In the wake of the Paris attacks, Governor Abbott has issued a press release stating that Texas will not accept any refugees from Syria, a common position among U.S. governors. His statement invites three questions: can governors do that; what can governors do; and what should governors do?
The answer to the first question is “No.” The Constitution reserves foreign policy powers to the President and the Senate, and federal laws allow the President to admit refugees. Once a refugee is admitted into the U.S., the Constitution guarantees free movement, and the fourteenth amendment and federal law prohibit targeting based on national origin. If the Syrian is a refugee as defined by international law, federal treaties are one more reason a State cannot resist. For example, many Syrians could be religious refugees with a treaty right to remain in the U.S. because of the monstrosity of groups like ISIL.
The answer to the second question is that a State can either cooperate or not. A State cannot actively usurp a federal power created by the Constitution, but the State is not required to offer its resources to assist federal policy.

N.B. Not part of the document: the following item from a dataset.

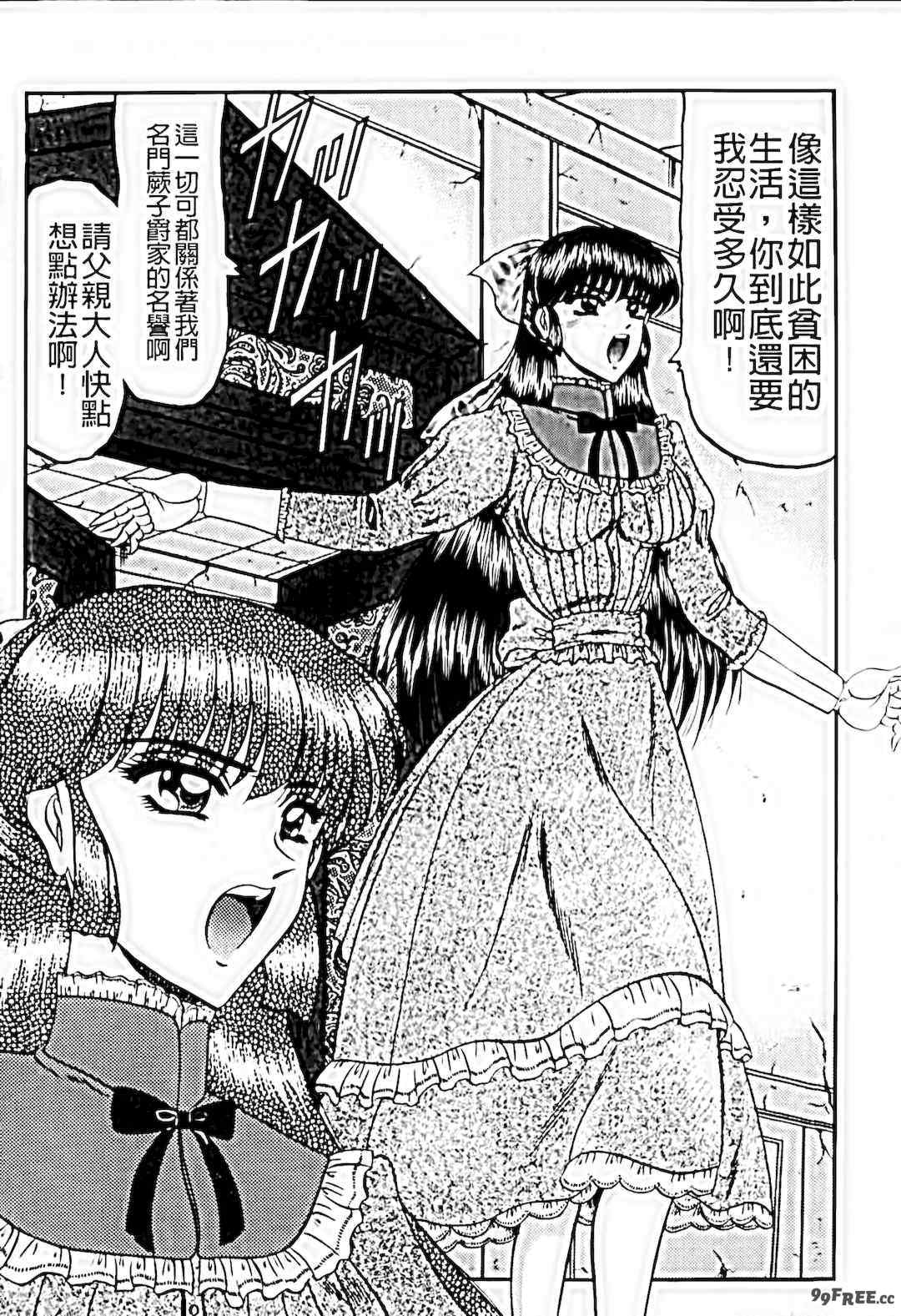 [小邑紗希]恋母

The first two answers are easy; the third answer is hard. I believe that the world, including our Muslim brethren, is locked in a struggle with extremism, and I believe that liberty, more than anything else we could do, is the answer. Abbott justifies his press release on the premise that Syrians, as a group, pose a danger. But we can value individuals; we can treasure liberty. In the words of the French Resistance philosopher Albert Camus, I want my State to be part of offering these plague-stricken people some refuge against the injustices and outrage done to them, “and to state quite simply what we learn in a time of pestilence: that there are more things to admire in men than to despise.”